8-K 1 v376477_8k.htm FORM 8-K

 

UNITED STATES

SECURITIES AND EXCHANGE COMMISSION
Washington, D.C. 20549
_____________________

 

FORM 8-K
CURRENT REPORT
Pursuant to
SECTION 13 OR 15 (d)
OF THE SECURITIES EXCHANGE ACT OF 1934

 

_______________________

 

Date of Report (Date of earliest event reported): April 23, 2014

 

PACIFIC FINANCIAL CORPORATION
(Exact name of registrant as specified in its charter)

 

 

  Washington
(State or other jurisdiction
of incorporation or organization)
  000-29829
(SEC File Number)
  91-1815009
(IRS Employer
Identification No.)
 

 

1101 S. Boone Street
Aberdeen, Washington 98520
(360) 533-8870
(Address, including zip code, and telephone number,
including area code, of Registrant's principal executive offices)

 

Check the appropriate box below if the Form 8-K filing is intended to simultaneously satisfy the filing obligation of the registrant under any of the following provisions:

 

¨Written communications pursuant to Rule 425 under the Securities Act (17 CFR 230.425)

 

¨Soliciting material pursuant to Rule 14a-12 under the Exchange Act (17 CFR 240.14a-12)

 

¨Pre-commencement communications pursuant to Rule 14d-2(b) under the Exchange Act (17 CFR 240.14d-2(b))

 

¨Pre-commencement communications pursuant to Rule 13e-4(c) under the Exchange Act (17 CFR 240.13e-4(c))

 

 
 

  

Item 5.03 Amendments to Articles of Incorporation or Bylaws; Changes to Fiscal Year.

 

Amendments to Articles of Incorporation to Permit Issuance of Preferred Stock

 

On April 28, 2014, Pacific Financial Corporation (the "Company") filed with the Secretary of State of the State of Washington Articles of Amendment to the Company's Restated Articles of Incorporation (the "Articles") increasing the Company's authorized capital stock to 30,000,000 shares, divided into 5,000,000 shares of newly authorized preferred stock ($.01 par value per share) and 25,000,000 shares of common stock ($1.00 par value per share) ("Common Stock"). As reported under Item 5.07 below, the proposed amendments to the Articles (the "Amendments") were approved by the Company's shareholders at its annual shareholders' meeting held on April 23, 2014.

 

Under the Amendments, the Company's board of directors (the "Board") is granted the authority to create different series of preferred stock, fix the number of shares in each such series, and determine the preferences, limitations, voting powers, and relative rights of each series, without further action by our shareholders, except as may be required by Washington corporate law, by rules adopted by the Securities and Exchange Commission (the "SEC"), or by the rules of any securities exchange on which the Common Stock may then be listed.

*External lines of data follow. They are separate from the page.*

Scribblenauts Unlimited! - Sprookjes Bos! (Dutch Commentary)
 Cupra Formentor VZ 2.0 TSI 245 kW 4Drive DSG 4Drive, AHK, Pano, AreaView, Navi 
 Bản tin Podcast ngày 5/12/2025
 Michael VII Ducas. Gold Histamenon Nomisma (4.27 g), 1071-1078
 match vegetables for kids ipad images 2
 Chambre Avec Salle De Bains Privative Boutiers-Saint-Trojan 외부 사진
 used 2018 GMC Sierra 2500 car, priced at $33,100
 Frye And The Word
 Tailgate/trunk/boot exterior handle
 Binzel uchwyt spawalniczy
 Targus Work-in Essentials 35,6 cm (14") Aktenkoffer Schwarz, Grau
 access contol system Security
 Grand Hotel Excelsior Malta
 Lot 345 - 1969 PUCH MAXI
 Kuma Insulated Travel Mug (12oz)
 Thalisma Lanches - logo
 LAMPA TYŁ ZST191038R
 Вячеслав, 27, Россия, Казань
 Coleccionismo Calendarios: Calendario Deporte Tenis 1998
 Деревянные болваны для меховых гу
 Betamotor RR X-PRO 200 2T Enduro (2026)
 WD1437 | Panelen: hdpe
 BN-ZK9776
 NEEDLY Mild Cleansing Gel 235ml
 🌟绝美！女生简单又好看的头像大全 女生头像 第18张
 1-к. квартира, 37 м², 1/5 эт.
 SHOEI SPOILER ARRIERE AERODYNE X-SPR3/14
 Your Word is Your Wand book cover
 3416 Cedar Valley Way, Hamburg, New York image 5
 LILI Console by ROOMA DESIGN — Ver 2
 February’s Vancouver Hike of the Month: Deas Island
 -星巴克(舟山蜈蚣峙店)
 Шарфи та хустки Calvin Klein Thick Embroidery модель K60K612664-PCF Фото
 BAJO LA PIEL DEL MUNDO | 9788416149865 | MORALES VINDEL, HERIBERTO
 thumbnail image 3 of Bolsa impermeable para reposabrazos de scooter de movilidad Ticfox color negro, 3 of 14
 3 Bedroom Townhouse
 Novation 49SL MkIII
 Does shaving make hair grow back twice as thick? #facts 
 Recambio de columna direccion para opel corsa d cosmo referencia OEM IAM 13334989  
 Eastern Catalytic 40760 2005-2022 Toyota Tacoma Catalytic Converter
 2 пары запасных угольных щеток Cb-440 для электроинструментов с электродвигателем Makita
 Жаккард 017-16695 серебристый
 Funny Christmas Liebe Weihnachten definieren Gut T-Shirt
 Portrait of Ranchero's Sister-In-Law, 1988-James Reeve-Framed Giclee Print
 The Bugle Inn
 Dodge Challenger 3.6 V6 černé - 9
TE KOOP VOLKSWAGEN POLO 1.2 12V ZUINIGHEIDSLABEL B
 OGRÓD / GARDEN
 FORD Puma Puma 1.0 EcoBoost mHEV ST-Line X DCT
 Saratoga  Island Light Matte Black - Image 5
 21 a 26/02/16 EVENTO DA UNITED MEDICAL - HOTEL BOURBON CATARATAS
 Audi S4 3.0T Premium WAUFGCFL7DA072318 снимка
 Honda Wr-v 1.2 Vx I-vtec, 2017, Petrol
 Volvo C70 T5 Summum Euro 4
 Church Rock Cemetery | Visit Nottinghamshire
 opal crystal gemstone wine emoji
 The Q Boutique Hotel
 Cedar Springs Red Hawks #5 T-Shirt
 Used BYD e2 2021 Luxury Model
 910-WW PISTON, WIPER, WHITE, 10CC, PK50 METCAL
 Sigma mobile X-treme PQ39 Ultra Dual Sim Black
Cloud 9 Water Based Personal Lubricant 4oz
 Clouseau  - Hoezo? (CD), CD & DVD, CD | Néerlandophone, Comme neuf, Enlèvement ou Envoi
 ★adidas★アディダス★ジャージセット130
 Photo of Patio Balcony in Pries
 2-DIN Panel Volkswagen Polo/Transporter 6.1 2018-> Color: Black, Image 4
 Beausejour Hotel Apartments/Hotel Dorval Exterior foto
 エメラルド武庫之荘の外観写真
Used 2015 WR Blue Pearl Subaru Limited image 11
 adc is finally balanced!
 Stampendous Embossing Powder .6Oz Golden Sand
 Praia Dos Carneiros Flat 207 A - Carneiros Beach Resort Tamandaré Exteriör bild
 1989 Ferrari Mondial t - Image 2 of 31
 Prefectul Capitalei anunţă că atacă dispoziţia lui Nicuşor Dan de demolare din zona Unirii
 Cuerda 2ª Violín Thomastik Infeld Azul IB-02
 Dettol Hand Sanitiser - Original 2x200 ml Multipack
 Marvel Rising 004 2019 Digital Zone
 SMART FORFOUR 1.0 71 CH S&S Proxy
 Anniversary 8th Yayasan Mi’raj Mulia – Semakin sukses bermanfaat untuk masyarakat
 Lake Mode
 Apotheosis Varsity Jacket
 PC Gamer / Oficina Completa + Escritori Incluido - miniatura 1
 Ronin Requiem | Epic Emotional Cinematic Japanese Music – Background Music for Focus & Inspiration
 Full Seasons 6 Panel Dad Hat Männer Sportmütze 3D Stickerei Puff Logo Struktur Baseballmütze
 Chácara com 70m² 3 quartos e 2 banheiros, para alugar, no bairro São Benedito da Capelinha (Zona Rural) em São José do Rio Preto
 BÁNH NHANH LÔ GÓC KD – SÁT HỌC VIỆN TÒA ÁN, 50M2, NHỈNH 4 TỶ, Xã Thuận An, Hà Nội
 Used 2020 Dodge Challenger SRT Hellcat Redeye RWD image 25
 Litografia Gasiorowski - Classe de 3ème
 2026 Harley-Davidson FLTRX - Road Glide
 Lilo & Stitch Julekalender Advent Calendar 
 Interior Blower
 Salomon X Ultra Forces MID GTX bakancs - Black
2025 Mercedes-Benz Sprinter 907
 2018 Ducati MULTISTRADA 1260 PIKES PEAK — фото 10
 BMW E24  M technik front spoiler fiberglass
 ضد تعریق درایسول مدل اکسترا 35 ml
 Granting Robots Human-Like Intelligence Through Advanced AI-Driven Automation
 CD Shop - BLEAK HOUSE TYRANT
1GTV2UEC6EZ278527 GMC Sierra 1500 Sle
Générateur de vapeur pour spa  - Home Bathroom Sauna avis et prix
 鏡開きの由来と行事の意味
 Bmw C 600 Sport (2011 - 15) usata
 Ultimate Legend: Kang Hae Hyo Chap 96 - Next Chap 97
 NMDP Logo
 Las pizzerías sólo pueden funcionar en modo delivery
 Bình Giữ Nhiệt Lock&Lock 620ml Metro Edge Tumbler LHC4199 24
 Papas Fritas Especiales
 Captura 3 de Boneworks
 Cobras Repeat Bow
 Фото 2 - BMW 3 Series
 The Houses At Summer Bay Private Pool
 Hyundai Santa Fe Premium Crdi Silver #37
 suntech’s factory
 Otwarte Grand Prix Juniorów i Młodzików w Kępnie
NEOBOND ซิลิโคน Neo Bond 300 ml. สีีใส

The Amendments also move the provisions regarding rights of the holders of Common Stock from Article V to Article III, Section 3.2. Once a series of preferred stock is created by the Board, shares of each series of preferred stock may be issued for such consideration as the Board determines to be adequate. A copy of the Amendments is included as Exhibit 3.1 to this report, and incorporated by reference.

 

Amendments to Bylaws

 

On April 23, 2014, the Board amended and restated the Company's Bylaws (as amended and restated, the "Bylaws"). The primary effects of the amendments to the Bylaws are to:

 

• Revise Section 1.3 to provide that the Board may call a special shareholders' meeting by action of a majority of the directors, rather than a single director.

 

• Revise Sections 1.4 and 2.7 to modernize the methods of providing notice of Board and shareholders' meetings.

 

• Add Sections 1.9 and 1.11 to provide for the appointment of an inspector of election at shareholders' meetings and to permit the Board to establish the procedures and rules of conduct for shareholders' meetings.

 

• Add Section 1.12 requiring advance notice by a shareholder who wishes to present business at an annual shareholders' meeting and setting forth the requirements and procedures for providing such notice. See Item 8.01 below for additional information.

 

• Revise Section 4 to provide for current officer positions and to authorize the compensation of officers, employees and agents of the Company to be established by or at the direction of the President except to the extent otherwise provided in the Charter of the Compensation Committee of the Board.

 

• Revise Section 5.6 to permit the issuance of uncertificated shares of capital stock.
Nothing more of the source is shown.